First published May 20, 2010 in Mediapost’s Search Insider
What the hell is happening? Everything is changing, and it’s changing much too quickly. We keep hearing that the game has changed, that nothing we knew before is still applicable. Ironically, I’m seeing a different trend. I’m seeing a need to return to our roots. But it’s hard to see the truth of that through the technological maze we’re currently stumbling through.
There is a reason companies exist. Somewhere at their core, there is something that sets them apart. There was a reason, back in the misty recesses of their corporate history, why the founders thought they could actually make a buck at this. The older the company, the further it is from the original spark that gave birth to a new entity, but it still lies somewhere.

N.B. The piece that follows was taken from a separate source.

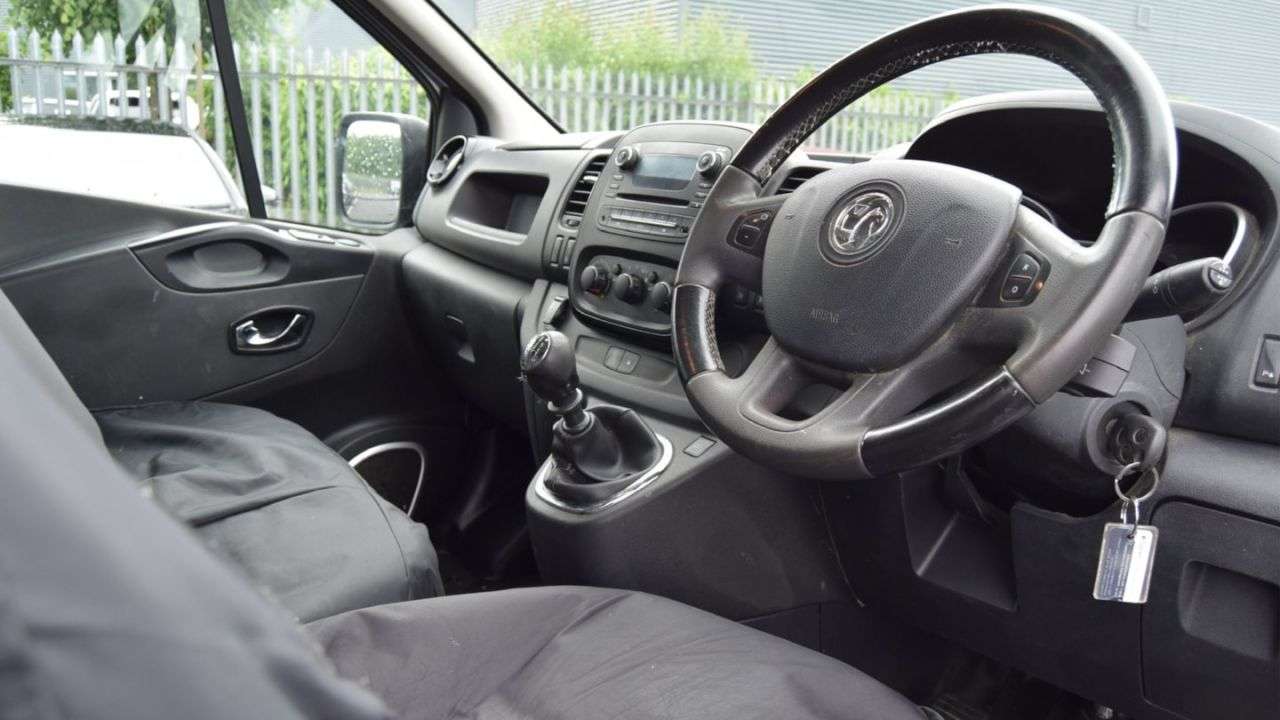 A 2017 VAUXHALL VIVARO 1.6 CDTi 2700 BiTurbo Sportive Panel Van 5dr Diesel Manual L1 H1 Euro 6 (s/ A 2017 VAUXHALL VIVARO 1.6 CDTi 2700 BiTurbo Sportive Panel Van 5dr Diesel Manual L1 H1 Euro 6 (s/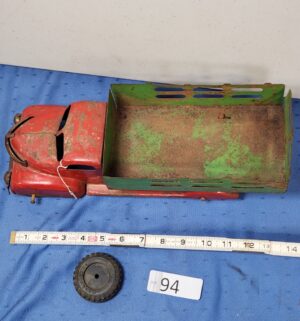 e94- 1950s Marx pressed steel stake bed toy truck. - Image 3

To Look Forward, Look Back
As companies struggle to adapt to the digital marketplace, they tend to look forward, which is a really scary view of things. Everything is uncharted, unknowable and uncertain. There is a sense that we don’t know what lurks around the next corner. This also makes it seem that it’s imperative to figure out what’s changed. “What,” I hear repeatedly, “is the thing I need to know about how the world is changing?” The answer, I suspect, is not so much what you need to know, but what you may have forgotten because you were distracted by the onslaught of change.
Let me get less cryptic. There is a company that sells technical innovation. It has been doing this for over a century. That original spark, way back when, was to take its understanding of its core technologies and apply them in new ways to solve customer problems. The entire company was built around that core.
Bigger was Better…
Today, the company is struggling with change. The marketplace is shifting. It seems that it must be time to grasp onto something new. At the very least, the company must be open to trying many new things, and trying them quickly. Like many manufacturers, over time those direct ties to the ultimate consumer of their products have had more and more links forcefully jammed into the supply chain, leaving the manufacturer several steps removed. Size and success used to dictate the creation of a distribution network, because physical proximity to the customer was required. Technology is sending that requirement into oblivion, industry by industry. At a minimum, it’s severely altering the importance of the middle links in the chain. Technology is allowing customers to get closer to manufacturers, and vice versa.
This is certainly a change in the way the company has done business over the past few decades, but if we look further back, the company gets back on familiar ground. Technology is bringing it closer to that original founding spark, and I have to believe that’s a good thing. This company became successful by having discussions on the shop floor with the people that were doing the job and struggling with a problem. They identified the need because they could see it. It was right in front of their nose. Innovation came from observation. The spark of success was alive and well and could be found in that small gap between the company and the customer. The 20th century need for infrastructural support stretched the gap, forcing the spark of innovation to become systemic and scalable. And in that, something important was lost.
…But it’s a More Intimate World Now.
But technology is closing the gap once again. And, in the process, as it brings the potential to relight all those sparks, it’s also bringing the opportunity to have those shop-room-floor discussions in millions of locations simultaneously. If the company looks back to the core reason it exists, and understands why that’s important to customers, it will know what to do with technology. The answer isn’t in the sea of change that’s descending on it – but from remembering why the company’s founders decided this was something worthwhile, something that would make it worth coming to work each day, and turbo-charging that purpose with technology.